Commission rejects IMF’s Greek bailout report

IMF says it lowered standards for Greek bailout programme

The IMF pledged about €30 billion to Greece to help bailout the economy.
The IMF pledged about €30 billion to Greece to help bailout the economy.

The European Commission has rejected the International Monetary Fund’s view that lenders mishandled the first Greek bailout in 2010 by allowing Athens to delay a debt restructuring to 2012, rather than tackling it from the start.

The IMF was one of a trio of international lenders that in 2010 stepped in to keep the euro zone country from defaulting on its debt and departing the common currency region. The IMF pledged about €30 billion to Greece at the time, out of a total package of €110 billion.

In a report that looked back at the bailout, the fund for the first time said it lowered its bar for Greece, which could reignite concerns about the lender’s impartiality.

“The (IMF) report argues that an upfront debt restructuring in 2010 would have been desirable. We fundamentally disagree,” commission spokesman Simon O’Connor told a news briefing.

READ MORE

The IMF admitted that it lowered its normal standards for debt sustainability to bail out Greece and its projections for the Greek economy may have been overly optimistic.

Some IMF board members and others criticised the fund for giving Greece so much money in comparison to the size of its economy, accusing the lender of being overly swayed by its European members.

At the time, the IMF insisted Greece’s debt levels were sustainable as long as its projections for the economy were accurate.

In the report, the IMF said its support for Greece in 2010 was necessary to prevent the nation’s problems from spilling over into the rest of the euro zone and the global economy.

“There was, however, a tension between the need to support Greece and the concern that debt was not sustainable with high probability,” according to the IMF’s evaluation.

“In response, the exceptional access criterion was amended to lower the bar for debt sustainability in systemic cases.”

After the Greek program was approved, the IMF and the other bailout lenders - the European Commission and the European Central Bank - required Greece to immediately cut some of its debt and implement structural reforms.

There were “notable failures” in the results, the IMF said. Greece remained in the euro zone and cut some of its debt, but failed to restore market confidence. The economy plunged into one of the worst recessions to ever hit a country in peacetime, with output falling 22 percent from 2008 to 2012.

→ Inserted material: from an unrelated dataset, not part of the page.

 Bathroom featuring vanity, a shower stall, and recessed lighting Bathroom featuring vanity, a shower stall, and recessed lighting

Greece’s economy is likely to shrink for the sixth consecutive year in 2013.

The evaluation said the IMF’s assumptions for the Greek economy can “be criticised for being too optimistic”.

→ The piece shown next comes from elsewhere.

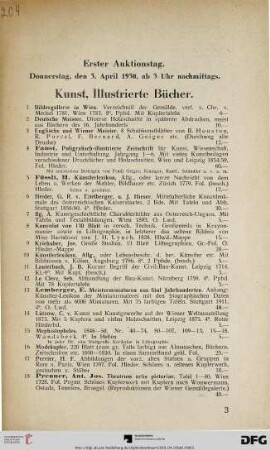 Erster Auktionstag: Donnerstag, den 3. April 1930, ab 3 Uhr nachmittags (Nr. 1-225)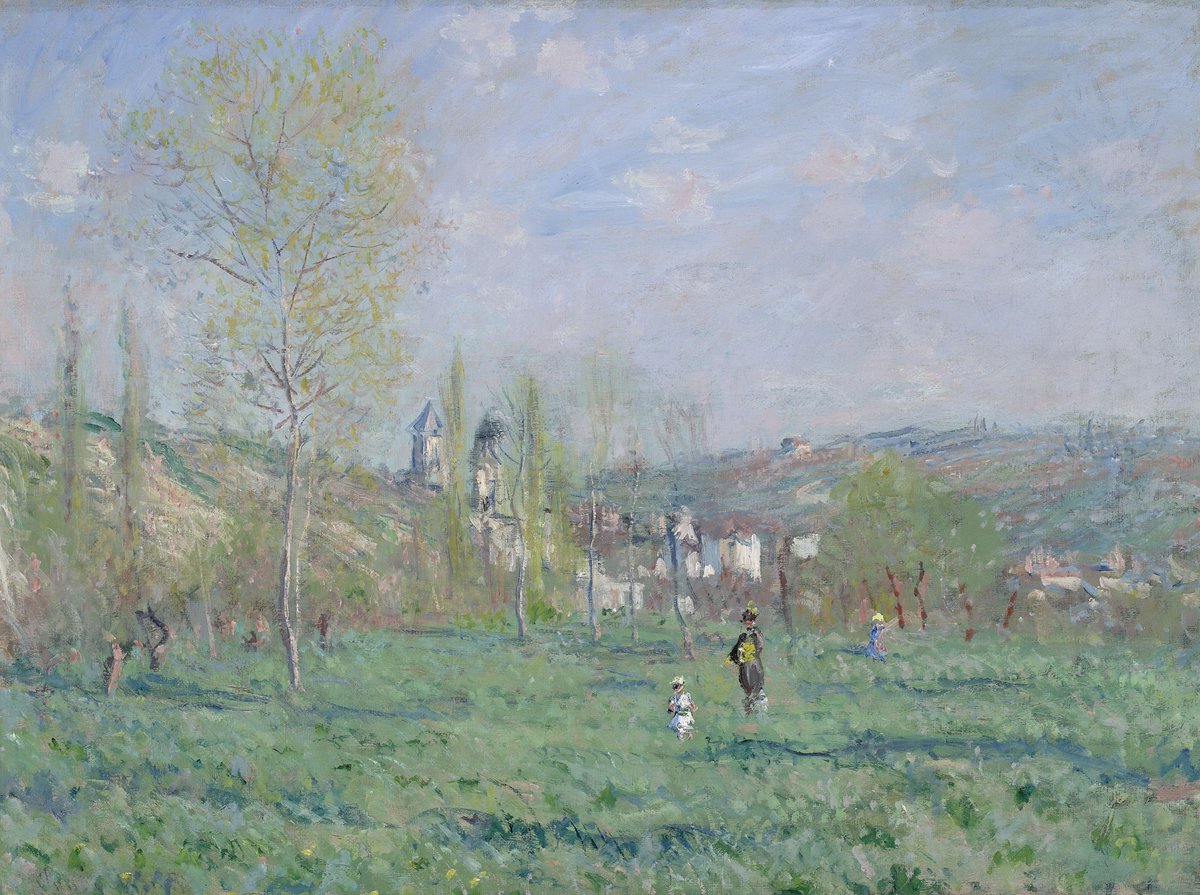 Vandaag begint de lente 🌼 Om in de stemming te komen zetten we het prachtige schilderij Printemps à Vétheuil van Claude Monet in het (voorjaars)zonnetje. Nu te zien in À la campagne: het Franse licht van Maris tot Monet. friesmuseum.nl/alacampagne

The report also said the IMF should have pushed more forcefully for private lenders to take a “haircut” on Greece’s debt earlier in 2011, once it was clear Greece’s debt was not sustainable.

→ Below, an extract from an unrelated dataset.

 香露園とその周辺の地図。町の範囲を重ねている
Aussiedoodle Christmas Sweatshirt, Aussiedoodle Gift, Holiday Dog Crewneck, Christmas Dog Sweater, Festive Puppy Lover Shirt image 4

“Earlier debt restructuring could have eased the burden of adjustment on Greece and contributed to a less dramatic contraction in output”, according to the report.

The fund last year said government spending cuts in general may hurt growth more than it had previously thought, and that countries should postpone deep spending cuts while their economies remain wobbly.

According to the evaluation, the Washington-based lender may have been overly constrained by working with its European partners within a monetary union, and not focused enough on ensuring political support existed within Greece for the rapid economic adjustments called for under the bailout.

The report also said there was a problem getting adequate data from Athens on its economy, and the IMF should be more skeptical of official data going forward.

In 2012, the IMF and the other lenders approved a new, longer program for Greece to help it bring its economy back into gear, once it was clear the previous bailout was not working.

Greece’s problems with providing official data may not be a thing of the past, as the fund said Greece provided inaccurate information to the IMF in January.

Greece, which has had persistent problems in collecting taxes, promised to move 50 auditors to the tax unit responsible for those with high incomes to comply with the IMF’s conditions.

Greece told the IMF it had done so in order to receive its next chunk of aid, but in fact only 33 auditors were moved.

The IMF’s board decided to give Greece a waiver for the action. Greece has since corrected the problem, the board said on Wednesday.

Greece’s current program also still has issues with debt sustainability, the IMF has said. The country may still need some debt relief from its European partners to ensure it can meet the IMF’s targets for debt-to-GDP levels, the Fund said in a separate report on Wednesday.

Greece will have a €4 billion financing gap starting from the second half of 2014, the IMF said. It will need to find savings by collecting more taxes and through other measures, equal to a total of 3.5 per cent of GDP.

“It is positive that the report (about the 2010 program) recognises that there were mistakes in Greece’s program in the past and we hope that they will not be repeated in the future and then create the need for corrective action,” a senior Greek government official said, speaking on condition of anonymity.